Is there any similar problem in the literature, or any resource that can guide me through this marginalization?
From my understanding, here I should marginalize over all possible combinations that make up \mathbf{n_i}, and to me, this is not straight forward as summing a latent index or count.

I apologize if any of my notation is not clear, as I discovered Bayesian models only recently and I am still quite a beginner. I have a draft for the Stan code to achieve this, but I would like to be sure about the correctness of the model before diving into the implementation.

Thank you for your time!

1 Like

Maybe. Why you don’t choose a trinomial distribution?

Then you can use:

real dirichlet_multinomial_lpmf(int[] y, vector alpha) {   
  real alpha_plus = sum(alpha);      
  return lgamma(alpha_plus) + sum(lgamma(alpha + to_vector(y))) - 
    lgamma(alpha_plus+sum(y)) - sum(lgamma(alpha));  

To me it doesn’t makes sense to have a Beta (binomial) and Dirichlet distribution combined together in your context. What do you think?

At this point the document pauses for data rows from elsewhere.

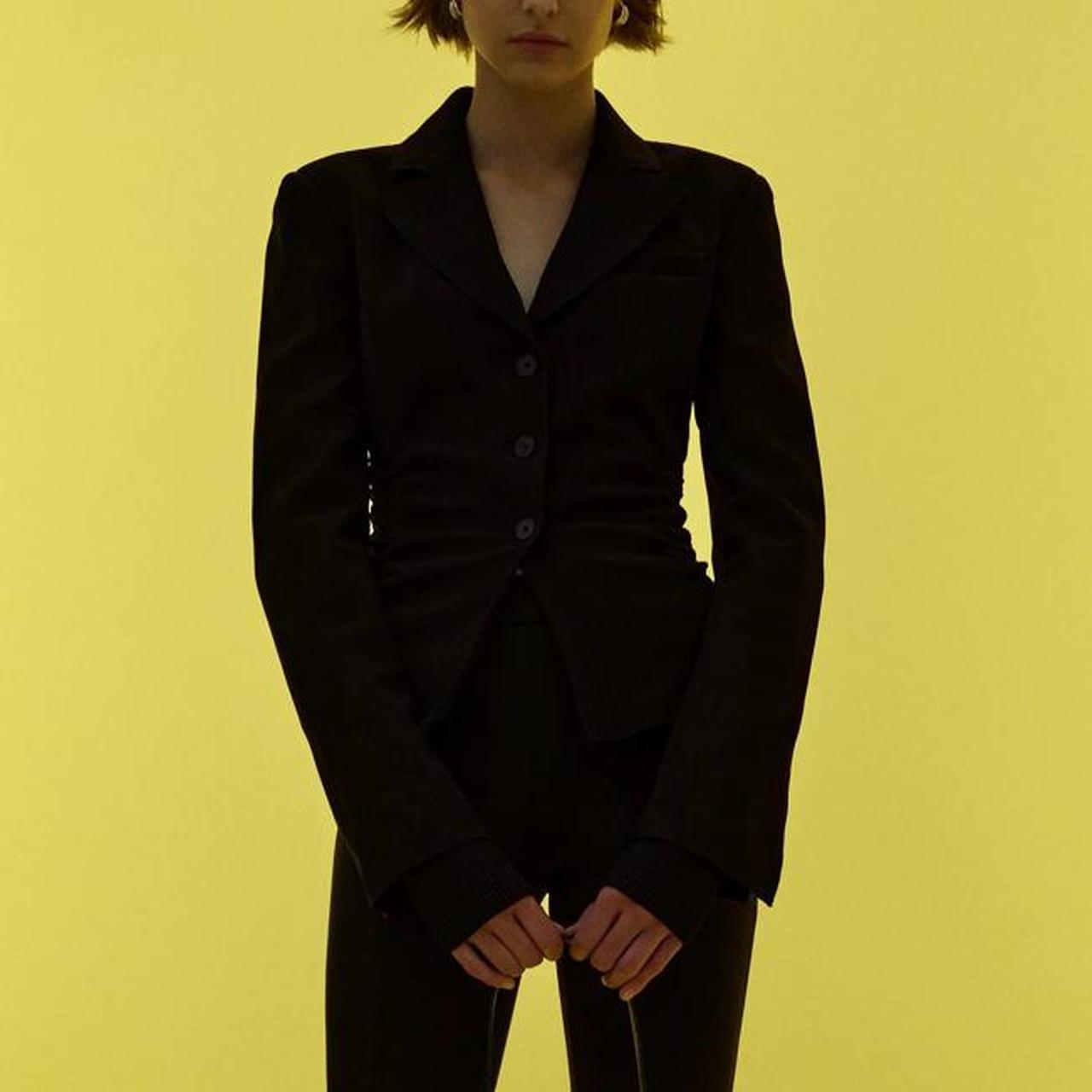 zara ruched sleeve blazer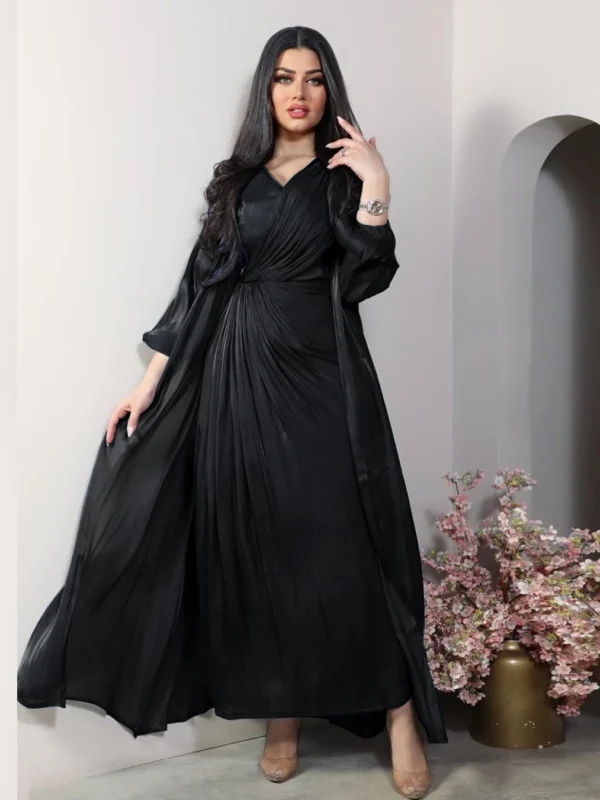 Morocco Party Dress Women Abaya 2 Piece Set Silky Satin Dubai Muslim Dresses Eid Caftan Evening Long Robe Vestidos Abayas Robe - Image 6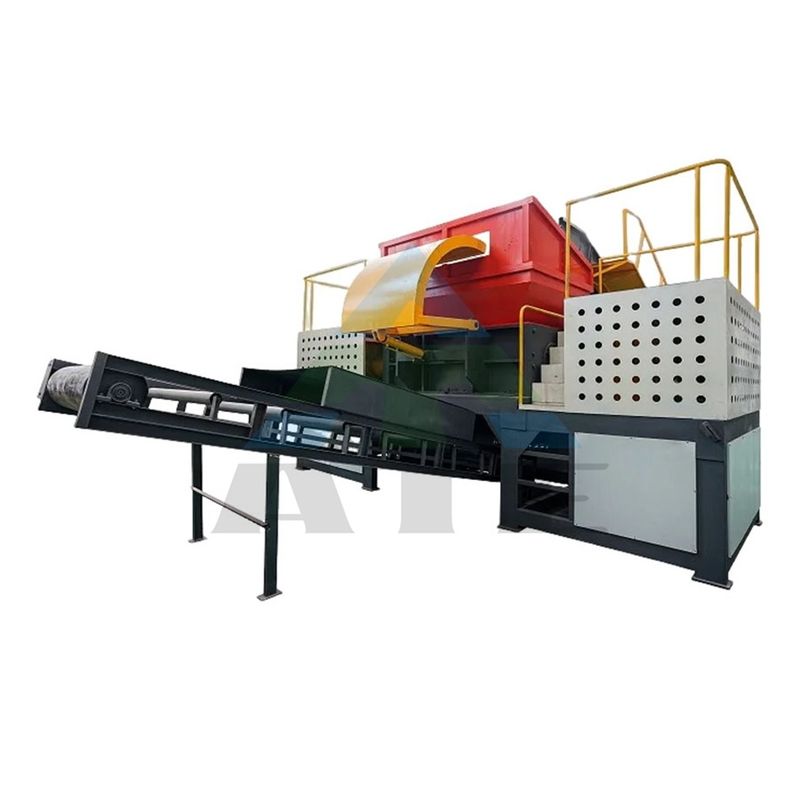 Máquina de trituración de dos ejes para el reciclaje de neumáticos neumáticos caucho botellas de plástico y metal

Thanks for pointing out the trinomial, this is a new distribution to me.
However, i think it would be nice to have a formulations which generalizes over the number of given population.
Concerning the fact that I combine Beta and Multinomial I understand why this sounds obscure. Usually, you either employ DirMult or BetaBin to simulate some draws that have a probability of success which is in turn determined by another distribution. On the other hand, in my problem the DirMult is essentially only the first of 2 steps, with the second being that the draws themselves can be either success/failure.

Indeed, I did some progress on the model formulation and I will comment about that below.


After getting stuck with the latent count marginalization I operated the following simplification: instead of having multinomial draws, I mix 3 beta distribution using the latent fractions c. By doing so I am computing a weighted average and obtaining a probability of success which, for each urn, is proportional to the Betas that characterize the three groups and their fraction of contribution. Some very simple testing on sythnetic examples worked out as expected, I have only some doubts concerning a possible underestimation of the variance due to this adaptation. I will update with further observation whether the picture will be clear.

Why 3 beta distributions? I’d assume you need 2, since p1 + p2 + p3 = 1 <=> p1 = 1 - p2 + p3.

Sorry for my unprecise wording: the 3 Beta distributions I was referring to are the ones that characterize the probability of success in each single population, not the distribution defining their contribution.

But maybe I am really overcomplicating the problem or missing something. I try to reharse the process:

  • In the original population, there are 20% A, 30% of B and 50% of C. Let’s focus on a single urn.
  • First, you draw 20. This is a Mult(20 * (.2, .3,.5)), right? You get a vector of 3 counts that sums to 20.
  • Then, for each of the “count split” you have a probability of success that follows a known Beta distribution.
  • Let’s say that 12 draws come from A, then m_a \sim Bin(12, \theta) and \theta \sim Beta_a(\alpha_a, \beta_a) (same goes for B and C)

I am not familiar with the Generalized Dririchlet, at first glance I would probably need some time to get the idea.

Let’s say that 12 draws come from A, 3 draws come from B, then C is determined to 5 draws.

Thus I’d say you have 2 Beta distributions (= Generalized Dirichlet) and have an Multinomial Distribution reflecting your urn size. You are free to construct a_i, b_i of Beta(a_i, b_i) from a Dirichlet Distribution.